Like 8 Mile for adults, Hustle & Flow follows the traditional Hollywood rags-to-riches tale but throws in unexpected grit and top-class drama. DJay (Terrence Howard) is a small-time pimp scratching a living in Memphis, but he really wants to be a rapper. Spurred by the news that a successful hip hop artist is coming back to town, DJay enlists his old friend Key (Anthony Anderson) to help him lay down a demo tape.
In story terms, this is as familiar as they come, but Hustle & Flow scores highly in its unblinking view of poverty, and in the disturbing contradictions embodied by its leading man. DJay is complex and deeply flawed character who is hard to love, and it is a tribute to Howard's subtle, committed performance that we eventually want him to succeed.

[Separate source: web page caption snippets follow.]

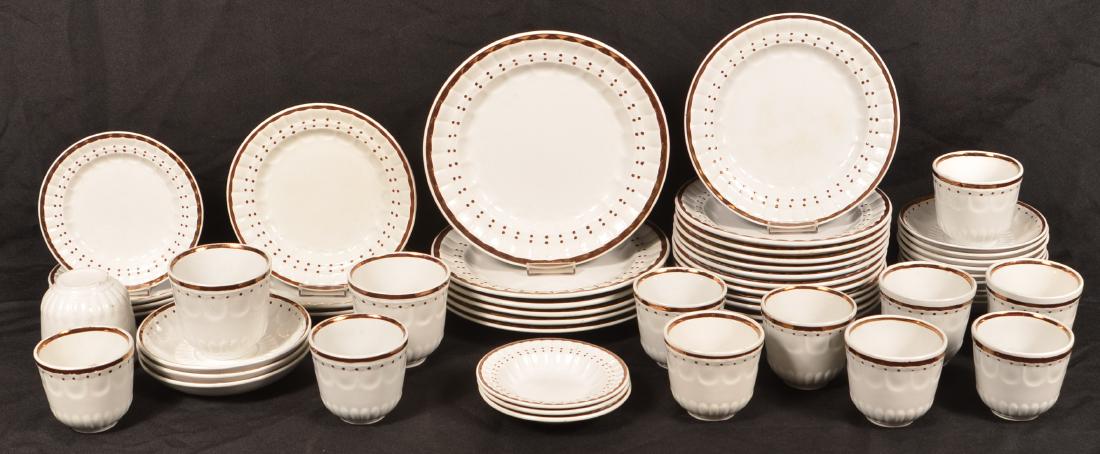 53 Pieces of Ironstone China.: 53 Pieces of Ironstone China. Copper lustre highlights. By Elsmore and Forster. Largest plates measures 9-3/4" diam. Condition: Good with minor damage.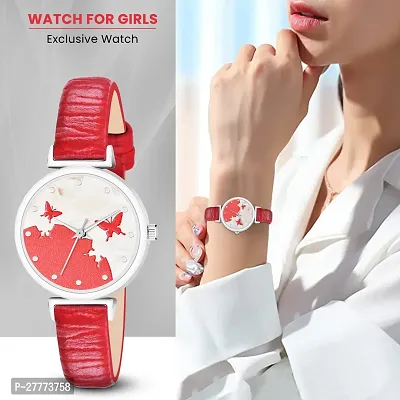 Stylish Red Genuine Leather Analog Watch For Women-thumb3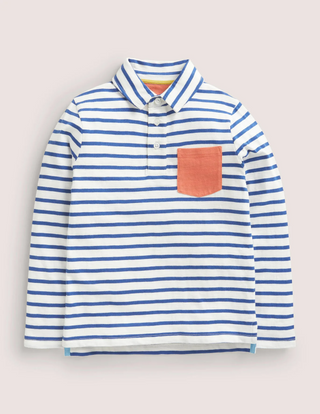 Mini Boden Boy's Supersoft Polo Shirt in Navy/Ivory (Slightly Defect)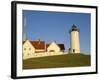 Exterior of Nobska Point Lighthouse, Woods Hole, Cape Cod, Massachusetts, USA-Fraser Hall-Framed Photographic Print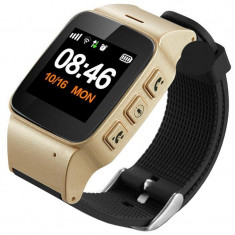 Ceas GPS Copii si Seniori iUni U100 Plus, Telefon incorporat, Display Color, Wi-fi, Buton SOS, Gold foto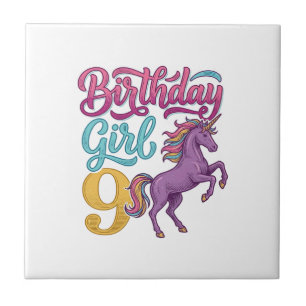 Birthday Girl 9 Unicorn Vintage Engraving Design_1 Ceramic Tile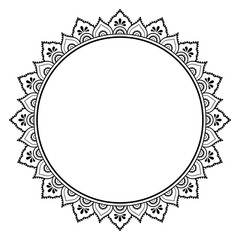 Frame in eastern tradition. Stylized with henna tattoos decorative pattern for decorating covers for book, notebook, casket, magazine, postcard and folder. Flower mandala in mehndi style.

For starters, there is that day job. Pimping is a dirty business, and while DJay is not violent, the film never shies from the fact that he is exploiting his charges. Writer/director Craig Brewer's script delves fearlessly into the foundations of an emotional relationship based on profit.

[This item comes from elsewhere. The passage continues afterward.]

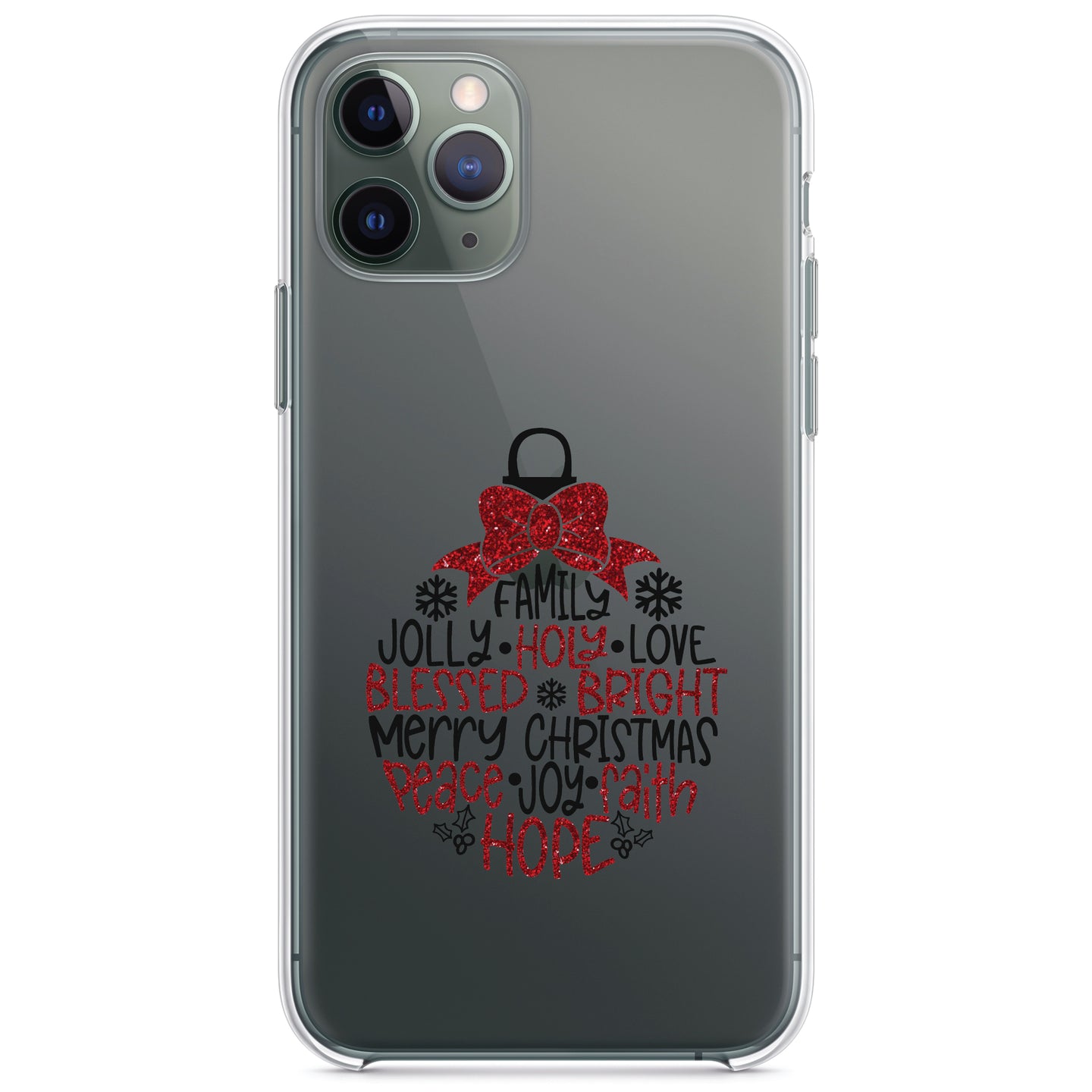 DistinctInk® Clear Shockproof Hybrid Case for Apple iPhone / Samsung Galaxy / Google Pixel - Christmas Words Ornament Red Glitter Look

The women, in truth, don't get much of a look in, but while there are real-life gangster rappers who proclaim their pimping origins as a point of pride, Hustle & Flow is too smart to resort to bling clichés. The central scenes in DJay's improvised studio are thrilling - even if the resulting sound is a little too good to be true - and DJ Qualls is terrific as DJay's lanky, white sound man.